Tasting at the Old Jameson distillery
We slept in a bit on Friday and headed to the old Jameson distillery for a tour later in the morning. I actually enjoyed this one a bit more than the Guinness one. The replicas of the equipment used when it was a working distillery, the amazing bar, and the multilingual tour guides -- one of the other tours that was in the bar with us at the end was a French group, and the guide's accent was perfect! -- combined to edge out the Guinness one, for me. Thanks to Tea, I knew to put my hand up right away when the call for tasting volunteers went out. They sit you in front of a measure of Johnnie Walker Black Label, one of J. D., and one of Jameson and ask you to pick your favourite. Believe it or not, I'd never had J. D. before that moment, and found the woody, flowery notes in it to be... really odd, to be honest; I can see why some people don't drink it straight. Anyway, you get a certificate with your name on it afterwards, and it's just a lot of fun; I was up there with men and women from Sweden, France, Norway, the U.K. and Spain; those moments remind you just how different these vacations are -- when's the last time you weren't surrounded by Americans on vacation?

The food emporium
After that, we tracked down the food emporium that Tea had read about: well, they had all sorts of tasty cuisine there, but we couldn't get the fish and chips that we'd smelled as we came in out of our heads.

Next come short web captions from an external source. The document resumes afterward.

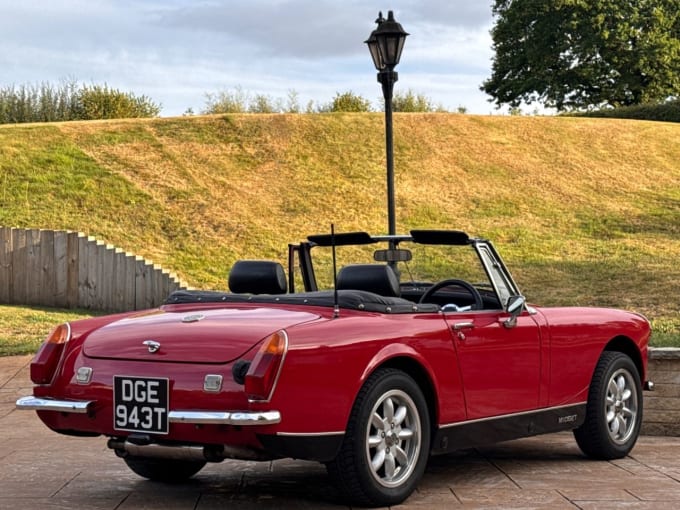2025 Mg Midget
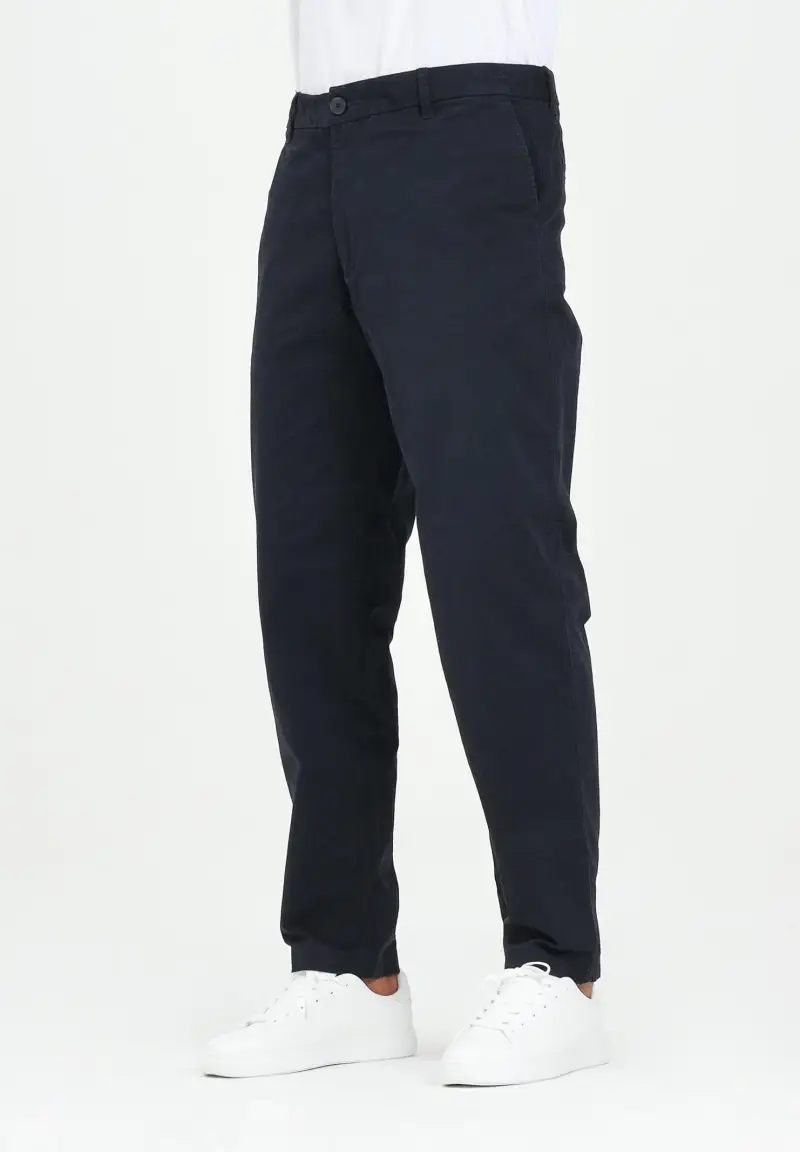 Pantalone blu da uomo
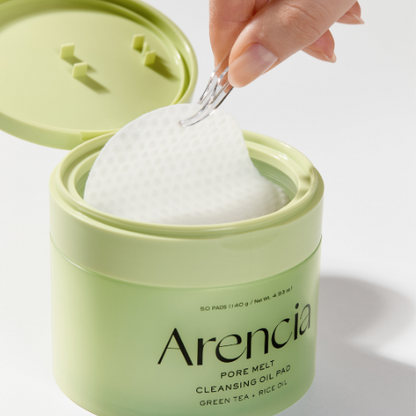 ARENCIA – Pore Melt Cleansing Oil Pad (50ea / 140g)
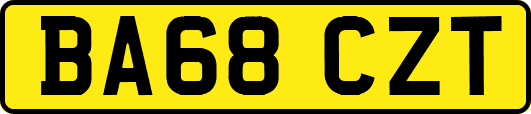 BA68CZT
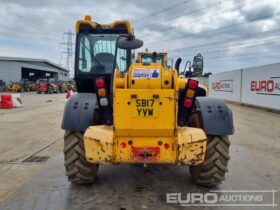 2017 JCB 540-140 Hi Viz Telehandlers For Auction: Leeds, UK – 30th April, 1st, 2nd & 3rd May 25 full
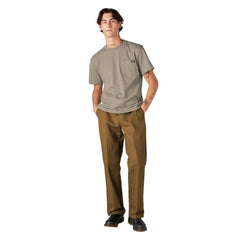 Dickies Heavyweight Short Sleeve Pocket T-Shirt Desert Sand WS450DS | Pro Feet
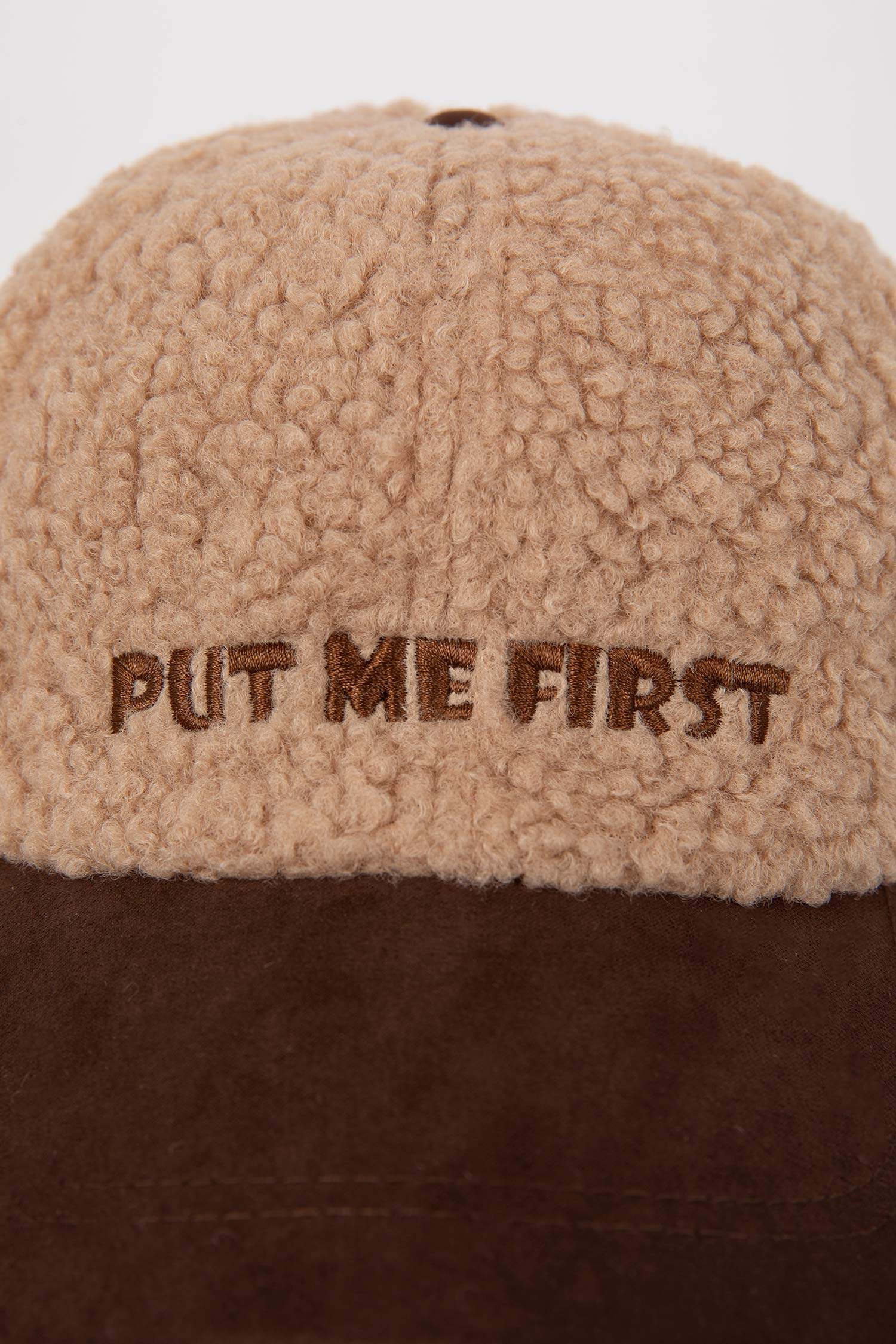 Kadın Pamuklu Bucket Şapka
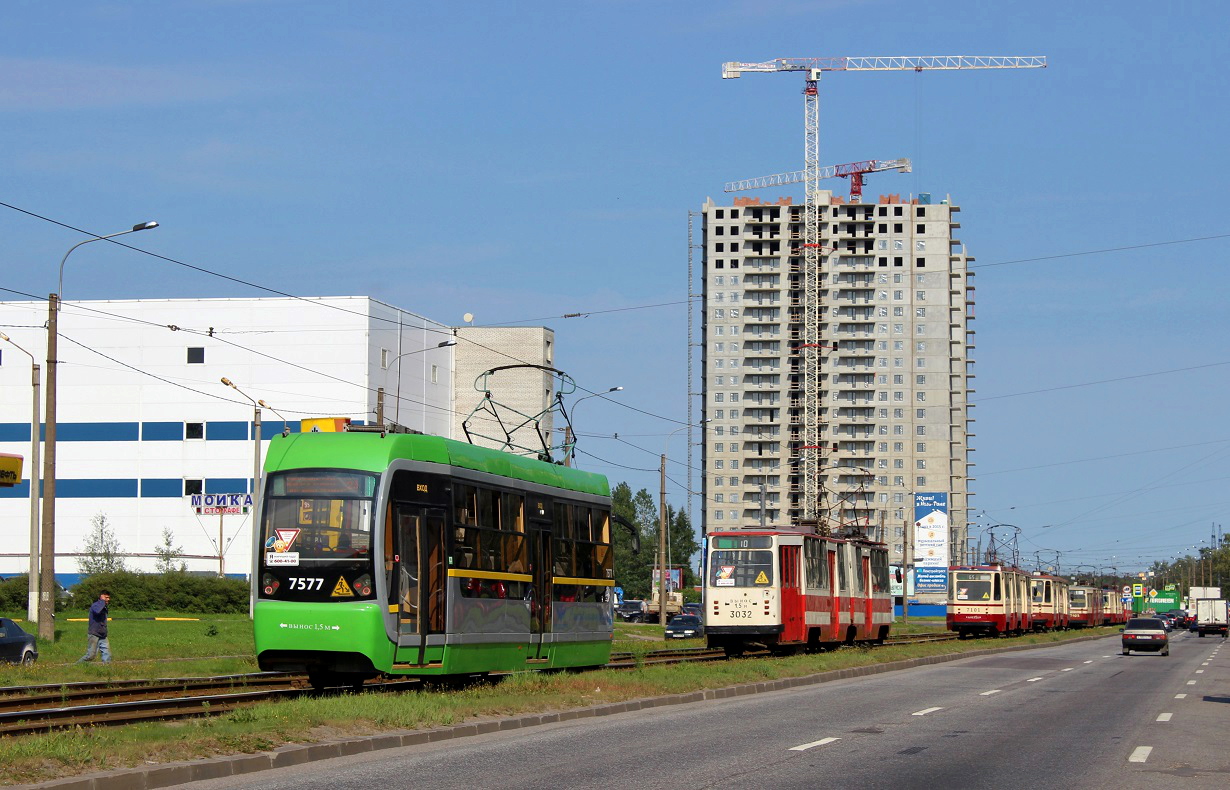 Санкт-Петербург, ЛМ-68М2 (мод. СПб ГЭТ) № 7577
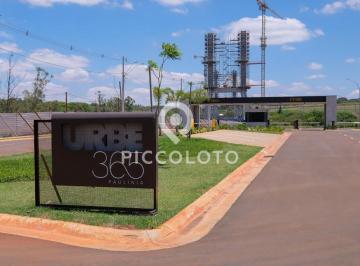 Terreno · 258m² · Terreno à venda em Paulínia - Cond. Fechado, Jardim Fortaleza, com 258 m², Urbe 365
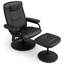 Fauteuil inclinable ergonomique 31,5 po en similicuir-2110115461-2110115462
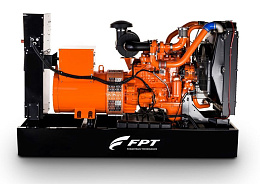 Дизель-генераторная установка FPT IVECO 280 кВт открытая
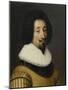 François de l'Aubépine, marquis d'Hauterive-Daniel Dumonstier-Mounted Giclee Print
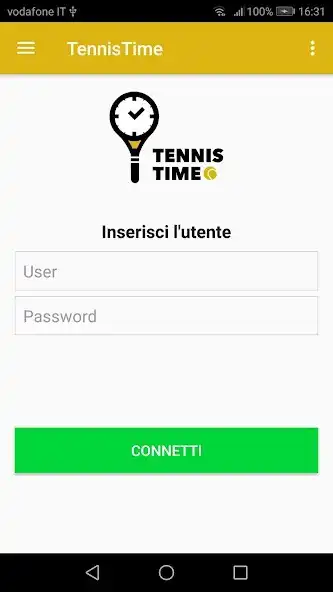 Play Tennis Time as an online game Tennis Time with UptoPlay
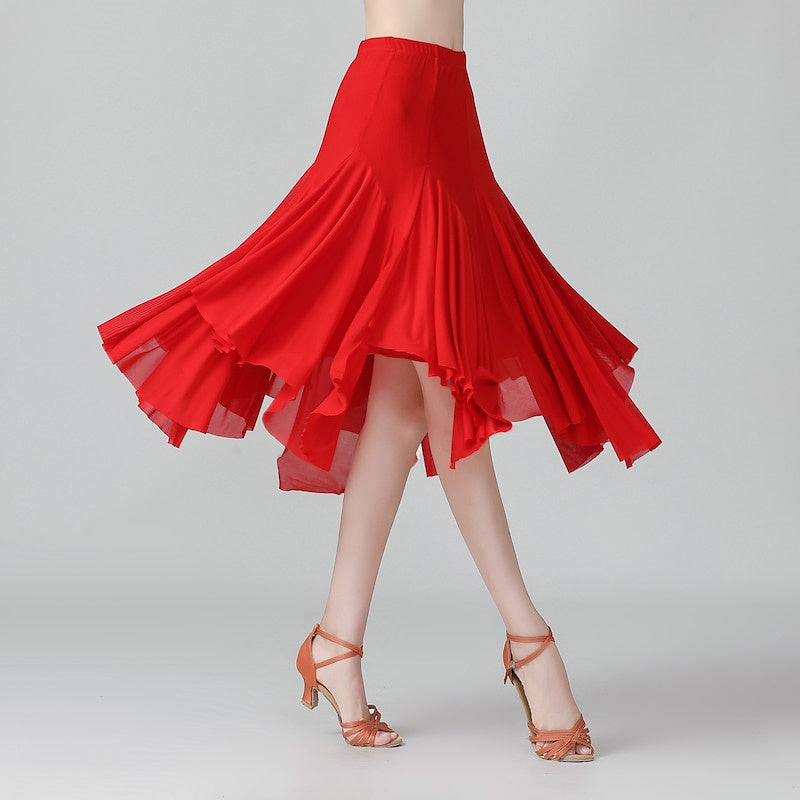 Jupes de Danse pour Femmes, Entraînement, Performance, Vêtements Quotidiens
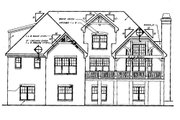 Traditional Style House Plan - 4 Beds 3 Baths 2899 Sq/Ft Plan #927-6 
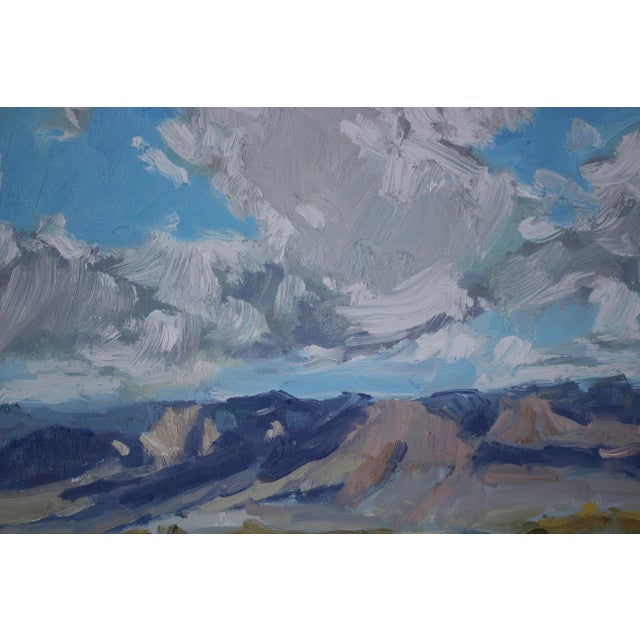 Contemporary Modern Desert Painting - Quiet Places Collection — Contemporary Landscape (Original Oil on Canvas) For Sale - Image 3 of 18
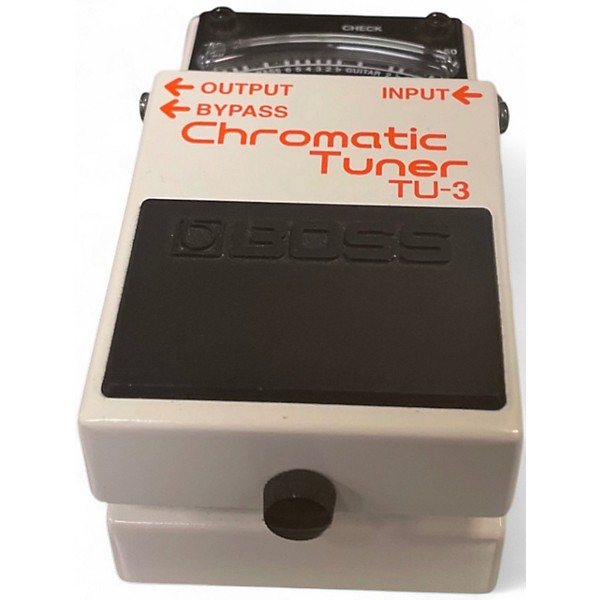 Used BOSS TU3 Chromatic Tuner Pedal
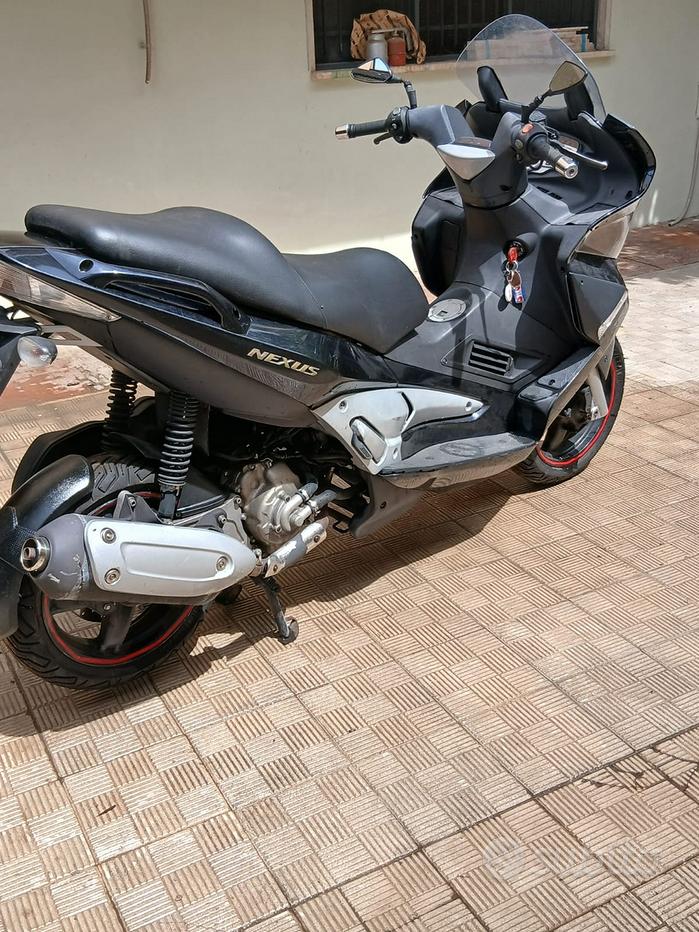 Gilera Nexus 250 2009 Gilera Nexus 250 VelocitÃ Massima Nexus 500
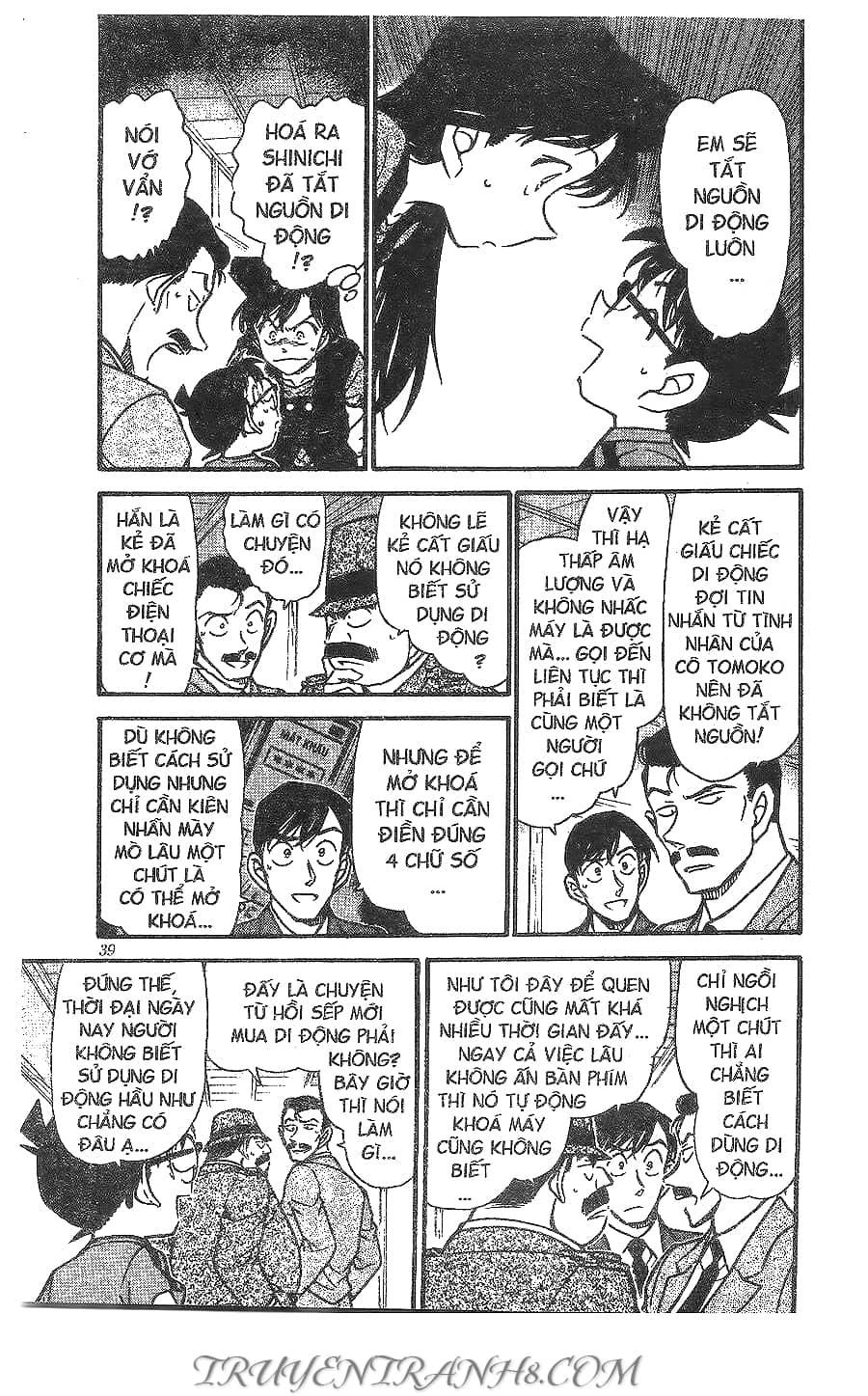 Thám Tử Conan - Chương 482 - ảnh 5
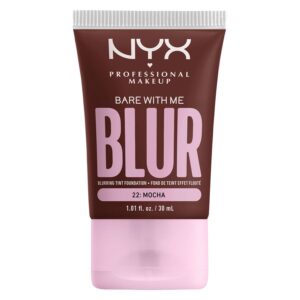 NYX Professional Makeup Bare With Me Blur Tint Foundation 22 Moch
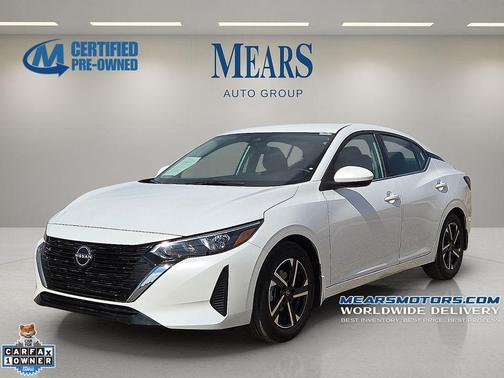 2025 Nissan Sentra SV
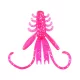 Reiva NYMPH 6cm 12 pièces/paquet Rose Paillettes Leurre en plastique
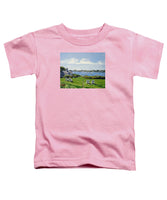 Wychmere Harbor Harwich Port Massachusetts Cape Cod Massachusetts - Toddler T-Shirt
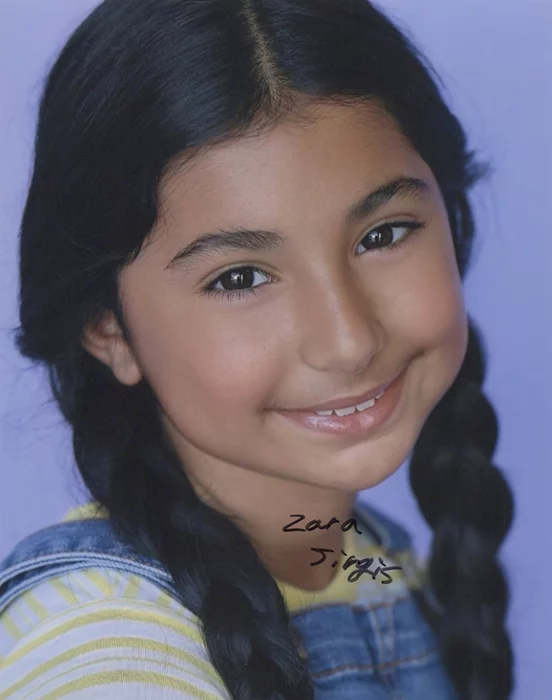 Zara Nicole Jirgis autograph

It was so good! And the coffee shop there is excellent too -- can't comment on whether it's the best in Dublin, though. (A claim we'd read during our research.) Then it was off to Trinity College to see the Book of Kells. This was a highlight for Tea for a number of reasons, including the academic tour group that we tagged along with through the main exhibition and the breath-taking Long Room; it was truly humbling, being in the presence of those books, and all that human history.

In St. Patrick's Cathedral
Saturday morning was spent on a couple of tours: first up was St. Patrick's Cathedral, a truly awesome sight, inside and out. Jonathan Swift was a Dean there, so amongst the many exhibits is a bust of him. Then we went on a fantastic tour of Dublin Castle; our guide was very well informed and entertaining -- something you often fail to appreciate 'til you've had a mediocre or poor one. The many viceroys throughout the colony's history, including Thomas de Grey, Second Earl de Grey, brought to mind the similarities in our two countries' pasts (even though the De Greys were no relation to the Earls Grey, including our Albert Grey).

It was down to the Temple Bar area after that, which we'd walked through before, but hadn't spent any time in. There was great live music, even in the middle of the afternoon, so we enjoyed a few pints over some cribbage. Then we finished up the trip at an excellent Thai restaurant, of all places, later that evening.